Third Sunday in Lent

March 24, 2019

Deacon Blaine Barclay


There is a song by the singer songwriter Steve Earle called ‘God Is God’ The first verse says.

I believe in prophecy.

Some folks see things not everybody can see.

And, once in a while, they pass the secret along to you and me.

And I believe in miracles.

Something sacred burning in every bush and tree.

We can all learn to sing the songs the angels sing.

Yeah, I believe in God, and God ain’t me.

Someven Steve Earle can sing about bushes that are still


The story of the call of Moses, and the Burning Bush is

called an Hierophany. An unveiling, disclosure, an experience

of the holy, the sacred, G_d. Revelatory stories like this are

found throughout the Hebrew Scriptures, and the New

Testament as well. The story of the Transfiguration of Jesus

last week is this kind of story.

People have experiences, where for one brief moment the

veil is torn aside, the mist is dissipated, we touch or are

grasped by a presence not of this world, the uncanny, the

Wholly Other.

These experiences are perhaps rare, or maybe it is just

that we have been seduced by the torrent of public opinion and

detoured into trivialities. Or, we don’t have the ears to hear, or

the eyes to see, or the words to describe it. Ordinary language

fails, seems flat, domesticates what cannot, what must not be

tamed. Wonder, awe, astonishment, the poetic word, a story

like Moses and the burning bush captures these breakthrough,

limit experiences best.

This mystery that makes us tremble, may come to us in the

experience of a great storm, a rushing wind, the luminosity of a

rainbow, a sky filled with stars on a cloudless, moonless night

away from the city. It may come to us in the experience of

illness, the birth of a child, the death of a loved one, the beauty

of a sacred text heard as if for the first time, the stillness of the

real presence of Jesus in the Eucharist, the smell of incense,

sunrise, sunset, a song, a novel, the beauty of a work of art, a

burning bush or a still small voice.

Whatever way the sacred comes to us it changes

everything. We take off the shoes of our everyday life, to walk

forever on a different path. The path of burning bushes that

calls us to act with Justice, to love with tenderness, to walk

humbly with God.

We are invited into the experience of Moses today. This

text is a key text in the tradition. Decisive for subsequent

generations. Holding out for us the grammar of the encounter

with God. A sacred word that explodes all categories of

thought. Listen to an expanded translation of Exodus 3:14.
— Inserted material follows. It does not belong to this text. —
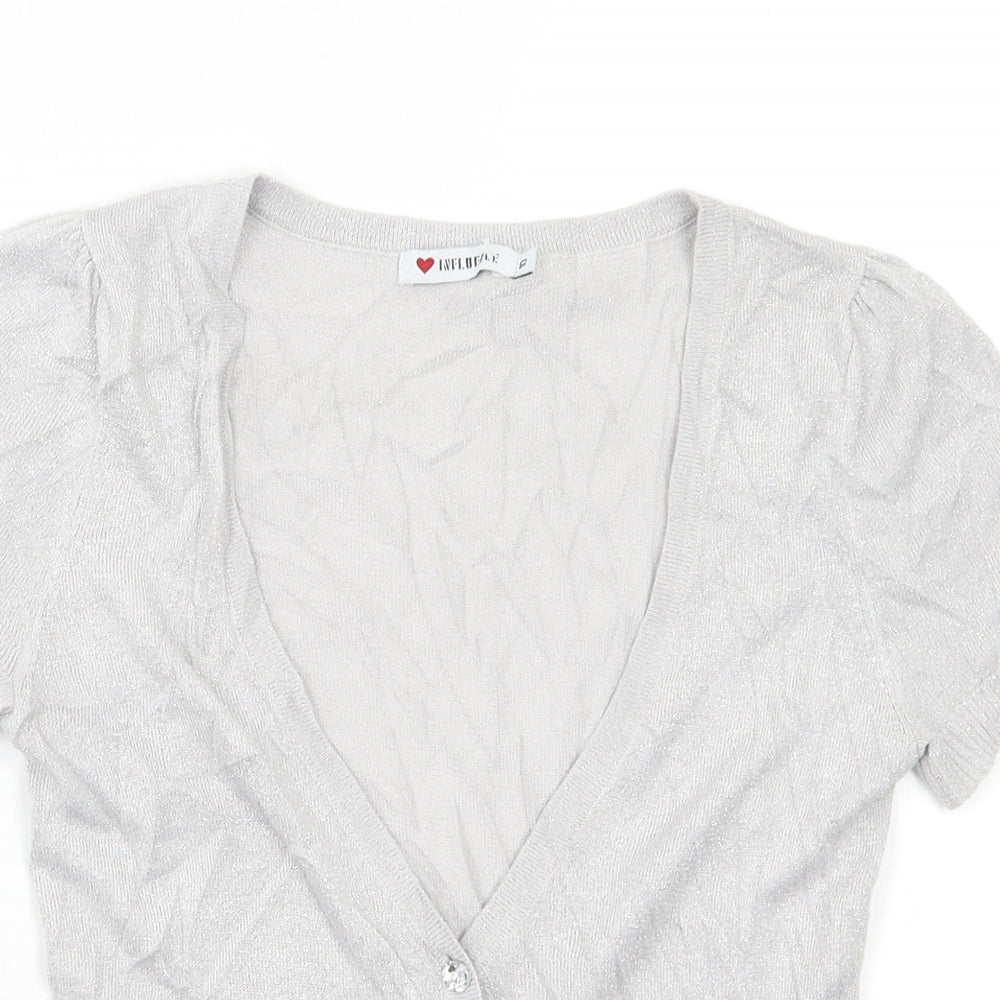 Influence Womens Silver   Cardigan Jumper Size 10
Moses said to God, if the Israelites ask me, ‘What is God’s

name?’ what am I to tell them? God replied,

“I was what I was, I am what I am, and I will be who I will be.”

“You will say to the people of Israel, ‘I Am/He Who Is/ the one

who Exists’ has sent me to you.” (Exodus 3:14)
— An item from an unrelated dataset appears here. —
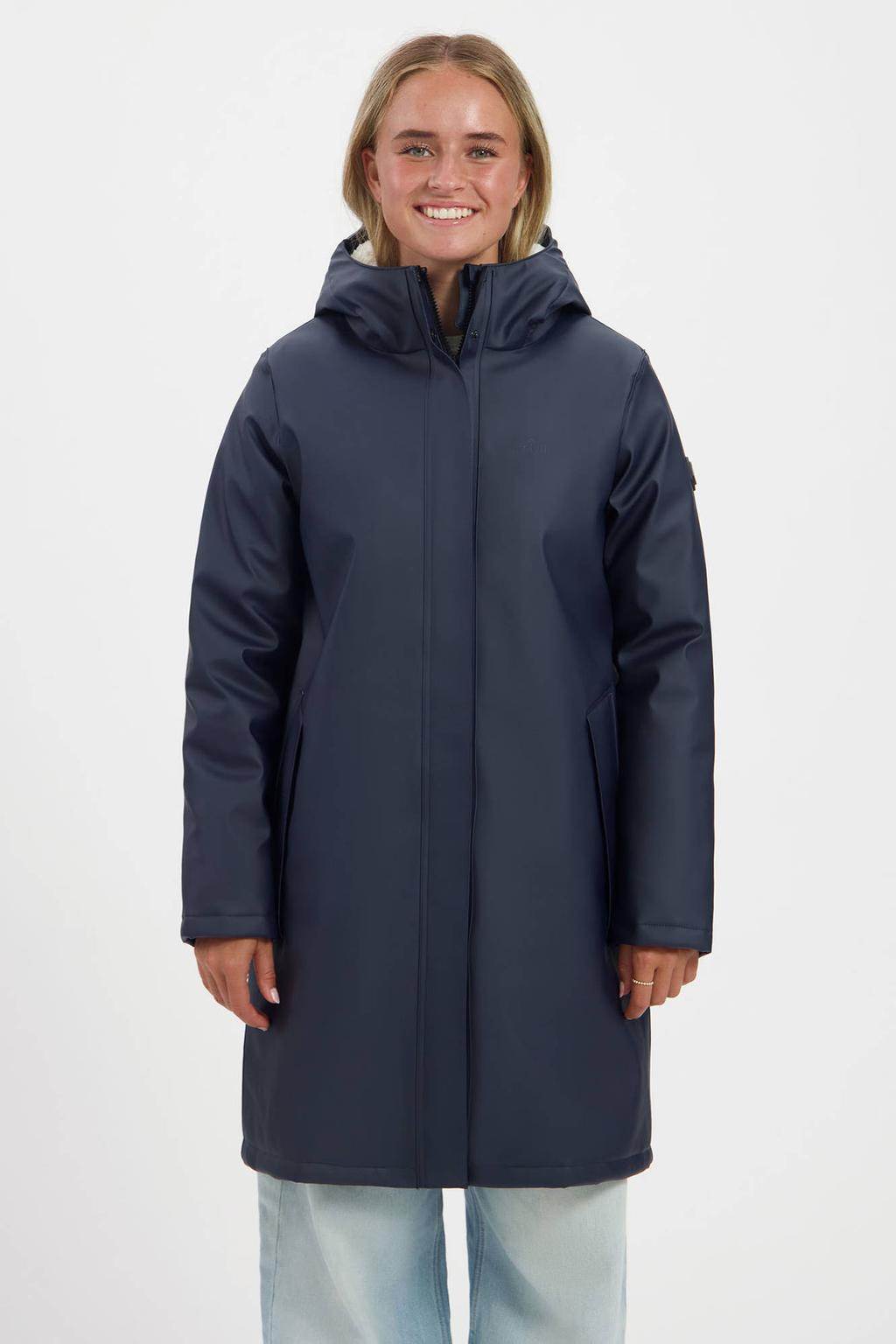 Donkerblauwe dames Kjelvik outdoor jas van polyester met effen, lange mouwen, capuchon en 2-way rits met windvanger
First, God calls Moses by name. ‘Moses, Moses’. Listen to

God saying your name right now. God knows your name and

calls out to you. Second. How does Moses respond? “Here I

am”, says Moses. Let us answer with the same readiness to

respond. ‘Here I am’.

Like Moses, let us also be ready to take off our shoes when we

stand on holy ground.

Third. Moses wants to name this sacred Presence, this

Burning Bush not consumed. It is still burning. Moses wants to

make sense of the Holy with language. Moses is given only a

name. But a name unlike every other name. The Sacred Name

is a verb, all other names are nouns. Naming G_d is not like

naming other things. The Sacred Name, the Sacred

Tetragrammaton, cannot be pronounced, it can only be

interpreted, like a protective hedge that shelters this name from

us thinking that we have tamed it, have tamed G_d. ‘I Am Who

I Am’, but with more dynamite, more act, more verb. ‘I Will Be

Who I Will Be’. The one who hears your cry, the one who will

set you free from slavery. The God who saves.
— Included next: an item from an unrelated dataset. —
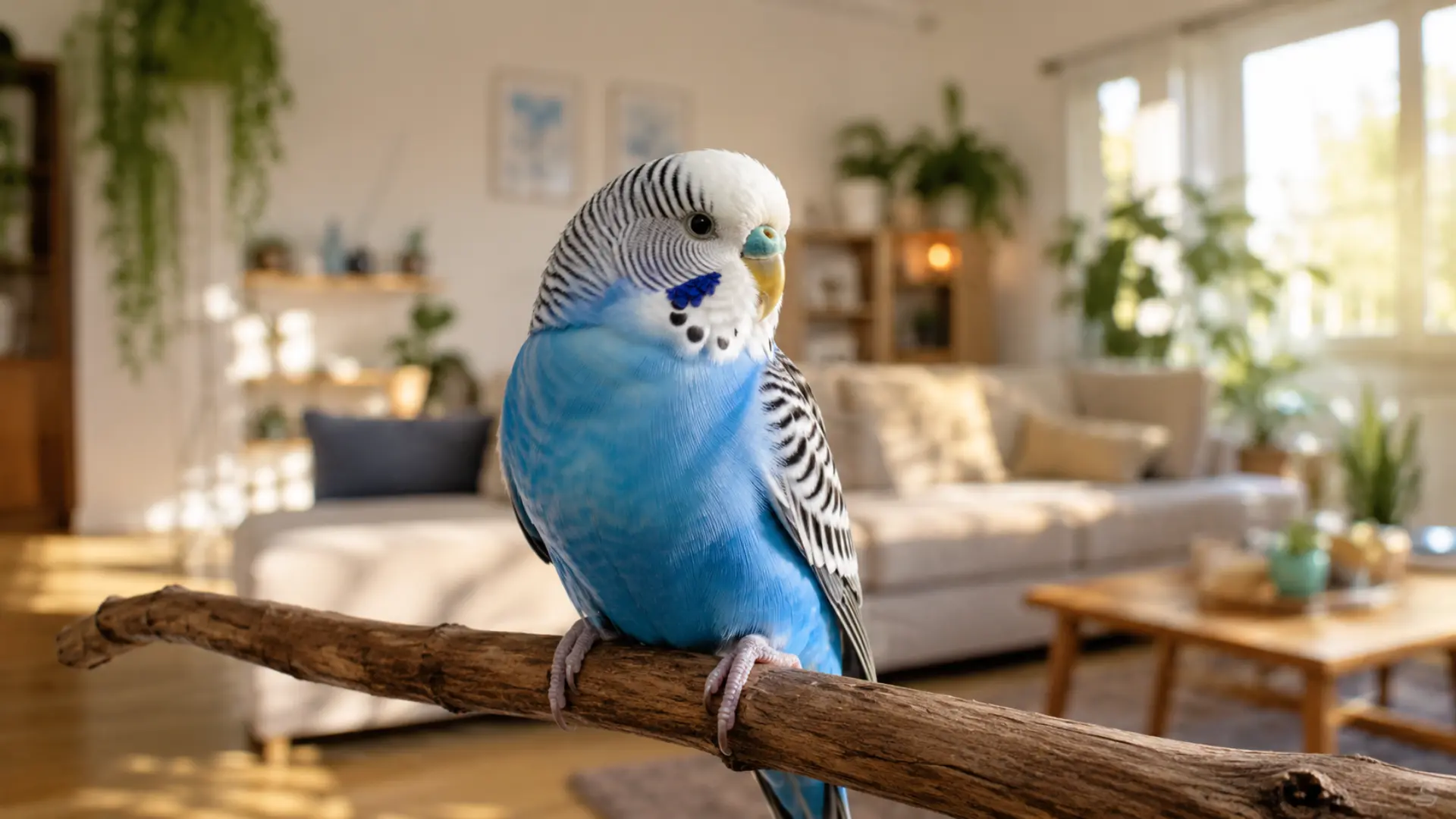A healthy blue and white budgie perched on a wooden branch, showing signs of good care and long budgie lifespan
St. Paul makes the connection for us in today’s second

reading when he says. “our ancestors were all under the cloud

and all passed through the sea, and all of them were baptized

into Moses in the cloud and in the sea. All ate the same

spiritual food, and all drank the same spiritual drink, for they

drank from a spiritual rock that followed them, and the rock was

the Christ….These things happened as examples for us.’

Jesus tells us today that there is still time for him to dig

around the roots of our lives, and to fertilize our capacity to

bear fruit. Back then, the Exodus, Moses, the Red Sea, Manna

in the desert. An example for us. But also in the here and now,

gathered around the Word, Jesus, Baptism, the Eucharist. All

woven from the same cloth. The Sacred Name unveiled for you

and me, sending us on the same mission. ‘Go tell Pharaoh, ‘Let

my People Go’. ‘Repent and believe in the Gospel’.